Deploy
Library inference needs no GPU. Library training needs a GPU once per skill. Six deployment targets, pick the one that matches the scenario.
1. vast.ai (cheapest)
$0.08–$0.15 / hr· Cost-sensitive benchmarks, ad-hoc GPU rentals
./packaging/scripts/vast_run.sh tests ./packaging/scripts/vast_run.sh bench3 ./packaging/scripts/vast_run.sh humaneval Qwen/Qwen3.5-1.5B lib.json
Our April 18 2026 verification run: $0.16 total cost.
2. Modal (zero ops)
$0.60–$3.75 / hr· CI jobs, serverless-style fire-and-forget
pip install modal && modal setup modal run packaging/modal_run.py::run_bench3 modal run packaging/modal_run.py::run_humaneval --model X --library Y
3. RunPod (spot pricing)
$0.20–$1.60 / hr· Long training sweeps, enterprise support
Provision a pod, SSH in, run the standard scripts:
git clone <mirror>/nCPU pip install torch transformers datasets pytest pytest tests/self_optimizing/ -q
4. Local Apple Silicon
$0· Day-to-day development, MPS profiling
python3 -m pytest tests/self_optimizing/ -q python3 -m demos.npcot_scale_practicality python3 -m benchmarks.benchmark_npcot_library --device mps
5. Serverless (library inference only)
$0 (cold) → tiny· Production API, GPU-free autoscaling
The 475 KB standalone binary ships as a Lambda custom runtime. Cold start ~1 ms, warm consult ~4 ns.
6. Browser (WASM)
$0 client-side· Private-by-default inference, offline tools
import init, { NpcotRuntime } from './npcot_wasm.js'
await init()
const lib = await fetch('/library.json').then(r => r.text())
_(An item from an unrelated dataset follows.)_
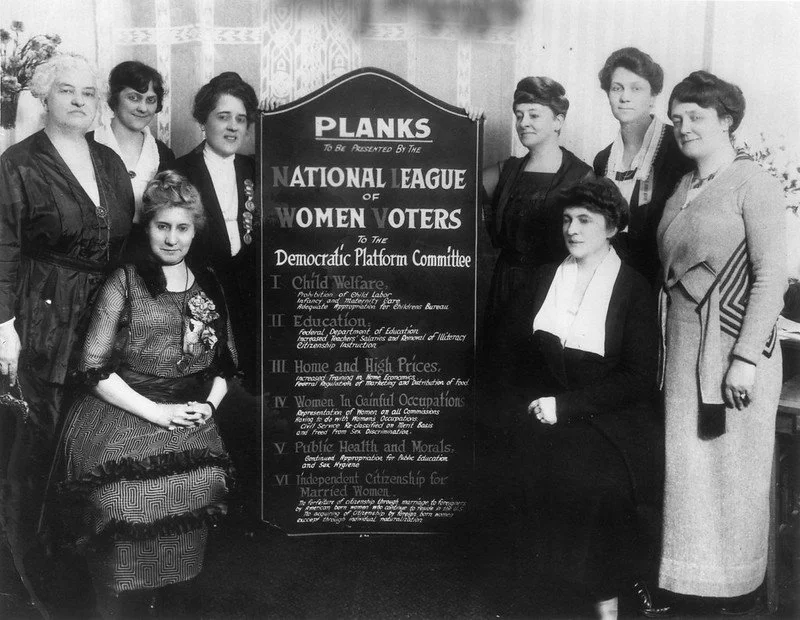 Democratic convention 1920 Seated: (left) Miss Dortch of Tennessee, 1st Director from 3rd region who resigned during year (right) Mrs. Richard Edwards. Standing: (left to right) Miss Mary McDowell of Chicago, Miss Adah Bush of Indiana Mrs. Patty Jaco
const rt = new NpcotRuntime(lib)
rt.consult(hidden, array, length)The 130 KB WASM binary loads faster than most page analytics scripts.
Decision matrix
| Scenario | Pick |
|---|---|
| Day-to-day Mac dev | Option 4 local |
| One-off benchmark, tight budget | Option 1 vast.ai |
| CI / automated GPU validation | Option 2 Modal |
| Long training sweep | Option 3 RunPod |
| Production library-inference API | Option 5 serverless |
| Ship to end users' browsers | Option 6 WASM |